GameStop Corporation GME shares moved lower on Monday amid recession worries due to uncertainty regarding tariffs and trade policy.

What To Know: President Donald Trump earlier this month imposed 25% tariffs on Canadian and Mexican imports, along with an additional 10% tariff on Chinese imports, according to ABC. He later granted a one-month exception for USCMA-compliant goods.

In February, Trump ordered 25% tariffs on Canadian and Mexican imports and 10% on Chinese imports. While the tariffs on Canadian and Mexican goods were delayed until March, the initial 10% tariff on Chinese goods took effect immediately.

Investors may be selling off as the back-and-forth on tariff policy creates uncertainty about pricing and supply chain stability.

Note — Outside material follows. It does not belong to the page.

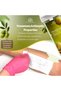 Global Fashion 100ml Roll-On Wax Cartridge – Korean Soothing Depilatory Wax Refill for Women Hair Removal, Long-Lasting, Smooth Glide for Legs, Arms & Body | 12 Scents (100ml, Olive) - 3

Retail, apparel and e-commerce stocks could be particularly affected, as higher prices from tariffs may lead consumers to cut back on spending.

Commerce Department data indicates that January retail sales declined by 0.9%, compared to economist expectations of a 0.2% decrease. E-commerce also experienced a 1.9% drop during the same period.

Related Link: Fiserv’s Options: A Look at What the Big Money is Thinking

GME Price Action: GameStop shares closed Monday 6.54% lower at $22.42, according to data from Benzinga Pro.